El opositor cubano José Daniel Ferrer ha decidido aceptar el exilio, cansado de los abusos continuos contra él y su familia. Su decisión no es una rendición, sino el grito desesperado de quien ha soportado demasiado.

Si al dictador Fidel Castro, cuando estuvo preso por los sucesos del cuartel Moncada, le hubieran hecho apenas una mínima parte de lo que le han hecho a Ferrer y a los suyos, la llamada Revolución Cubana jamás habría existido. Pero en Cuba, la historia se escribe al revés: los verdugos son héroes y las víctimas, silenciadas.

Ferrer ha resistido con una entereza que pocos pueden comprender. Golpizas, torturas psicológicas, aislamiento, amenazas contra su familia y la indiferencia del mundo han sido su condena. Durante años, mantuvo viva la esperanza de que una oposición interna pudiese sacudir los cimientos del castrismo, pero esa esperanza se ha ido diluyendo, no por falta de coraje, sino por falta de apoyo.

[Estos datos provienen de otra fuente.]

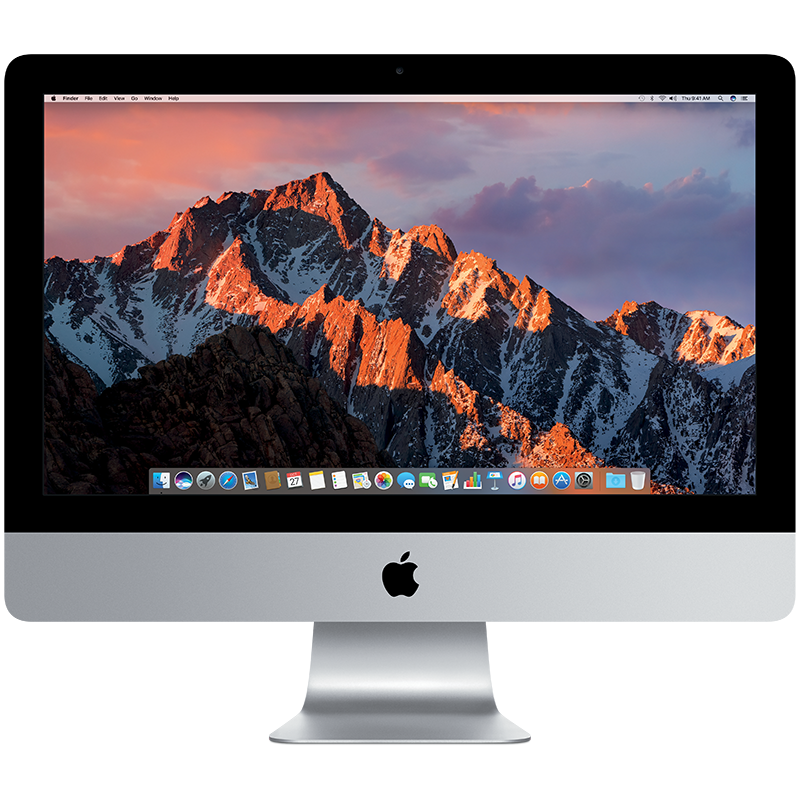 APPLE iMac 21,5" (2,3-8-1To)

La oposición cubana, lamentablemente, se ha convertido en una puesta en escena, donde cada grupo hala hacia su propio lado, como hormigas sin reina ni dirección. La unidad, esa palabra tan repetida en los discursos, se ha vuelto un espejismo. Hoy los opositores que permanecen en la Isla tienen el mismo efecto que un cuadro colgado en la pared de un museo: están ahí, son parte del paisaje, pero nadie los escucha ni los teme.

La dictadura normalizada

Luchar dentro de Cuba es tan peligroso y estéril como intentar lavarle los dientes a un cocodrilo. El régimen no cede, no perdona y no olvida. Cada gesto de rebeldía se paga con cárcel, destierro o muerte civil. En ese contexto, Ferrer ha decidido lanzarse él mismo la toalla, consciente de que seguir resistiendo dentro de la Isla es prolongar el sufrimiento de los suyos sin resultados reales. Y hace bien.

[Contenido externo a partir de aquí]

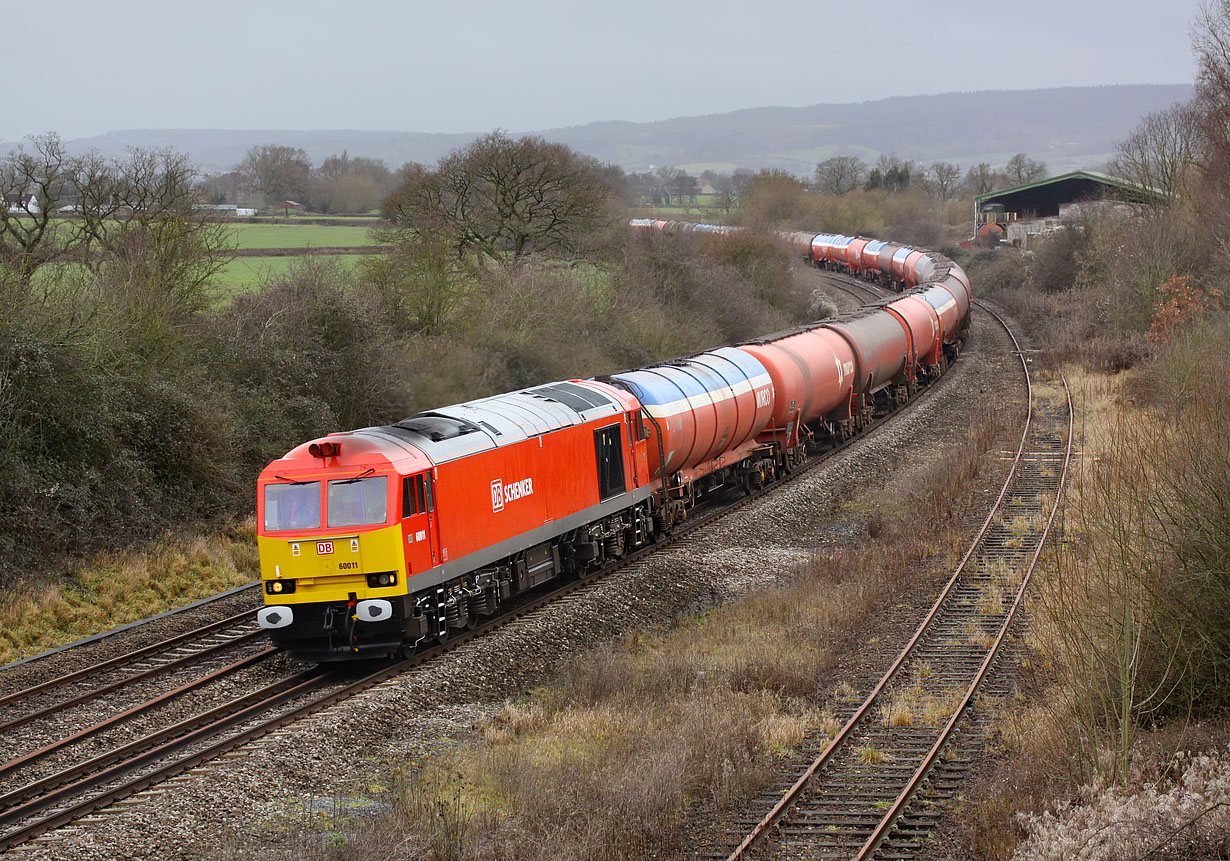 60011 Grange Court 14 January 2011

No hay solidaridad internacional con los cubanos. El mundo entero parece haber normalizado la dictadura más longeva del hemisferio occidental. Los cubanos, por su parte, le temen tanto a la libertad que prefieren prescindir de ella, acomodándose a la miseria como si fuera un destino irreversible. Esa apatía colectiva es el triunfo más cruel del castrismo.

Muchos cubanos, dentro y fuera de la Isla, hemos tomado la misma decisión que hoy toma José Daniel Ferrer: abandonar una lucha desigual, sin aliados y sin esperanza visible. Porque enfrentar al castrismo sin el apoyo del mundo es como arar en el fondo del mar, una tarea inútil donde el esfuerzo se disuelve en la nada.

Ferrer no se rinde, simplemente cambia de trinchera. Y aunque el exilio no cura las heridas del alma, al menos le permitirá seguir denunciando la tragedia cubana desde un lugar donde la palabra no sea un delito. Su salida es una derrota simbólica para el régimen, pero también una advertencia: cuando los mejores hijos de un país deben marcharse para sobrevivir, ese país ha perdido algo más que su libertad: ha perdido su dignidad.